Dr Sabin Nsanzimana, the Division Manager of HIV and other sexually transmitted infections at Rwanda Biomedical Centre (RBC), said the new campaign will seek to establish a strong surveillance system for better planning regarding the disease, training more specialists, and putting in place more facilities that are able to test, treat and prevent viral hepatitis.
Among other things, he said, RBC will continue to push for insurance coverage for hepatitis treatment and reduction of prices for hepatitis vaccination and treatment.
Nsanzimana said though negotiations between MoH and drug manufacturers saw HBV treatment reduced from Rwf6 million to Rwf960,000, adding however that the price remains prohibitive for many.
He said they are working to see that no one will be left out on treatment.
“We are working on this aspect so that those who are poor do not miss out. For example, on Wednesday we had five patients who received donations to be freely treated,” he said, adding that viral hepatitis related services will be taken beyond referral and provincial hospitals to district hospitals and health centres.
According to RBC, last year 850 people were initiated on HBV medication and 120 out of these successfully completed their treatment.

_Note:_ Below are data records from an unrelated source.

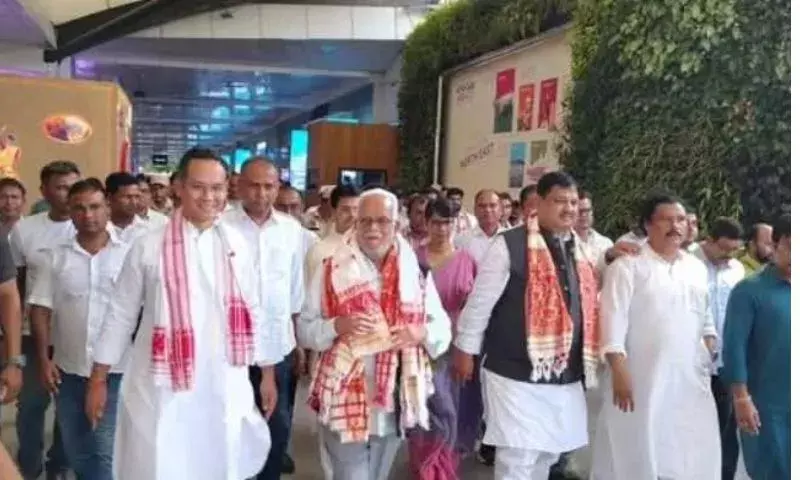 उपराष्ट्रपति चुनाव: रेड्डी ने असम यात्रा के दौरान जताया विश्वास उपराष्ट्रपति चुनाव: रेड्डी ने असम यात्रा के दौरान जताया विश्वास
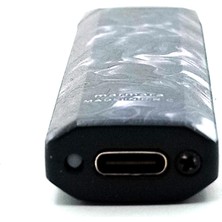 Silvio Monetti Dumanlı USB Şarjlı Elektronik Renkli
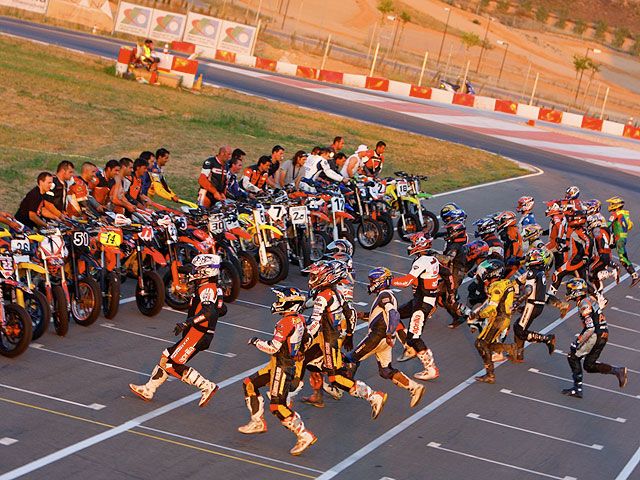 3 horas de resistencia de Supermotard en MotorLand Aragón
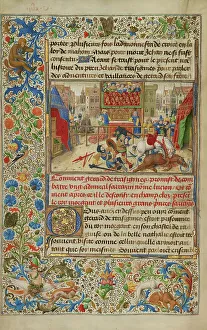 Deer Hunting Prints: A Judicial Duel Between Gillion's Son Gerard and the Emir Lucion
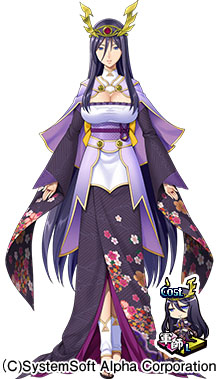 画像ギャラリー No.003のサムネイル画像 / 「戦極姫ONLINE」,新武将「北条早雲」登場&イベント「蘭奢待を取り返せ」に新マップ追加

He said as many as 2500 people received free hepatitis B vaccination at Kigali’s Car Free Zone on Wednesday, adding that free vaccination efforts were continuing.
He said that the national programme will put more emphasis on training of more health personnel.
The ministry has so far trained 14 high level hepatitis specialists, 450 nurses and 24 lab technicians.
Speaking at the launch, Dr Jean-Pierre Nyamanzi, the Permanent Secretary at the Ministry of Health, described the programme as “a game changer” in the fight against the deadly liver disease.
“World Hepatitis Day 2016 signals the start of something very important where Rwanda is officially launching A national viral hepatitis programme. Though the prevalence and mortality rate of hepatitis B and C are not well documented, we all know that many people are suffering from these diseases. Some don’t know their status, others know but they cannot easily access the drugs, especially for Hepatitis C. We think that the programme we are launching is going to be a game changer in the fight against Hepatitis viruses,” he said.
He added the ministry will mobilise more support for the national viral hepatitis programme, noting that there are several challenges, especially as far as financing is concerned.
Dr Frank Lule, a medical officer at the World Health Organisation, said there is need for hepatitis to be given necessary attention as it is 7th leading cause of death globally.
He lauded Rwanda’s efforts in fighting the disease referring to the national effort as “a ground breaking phase” that puts Rwanda in a good position to achieve the global goal of eliminating viral hepatitis by 2030.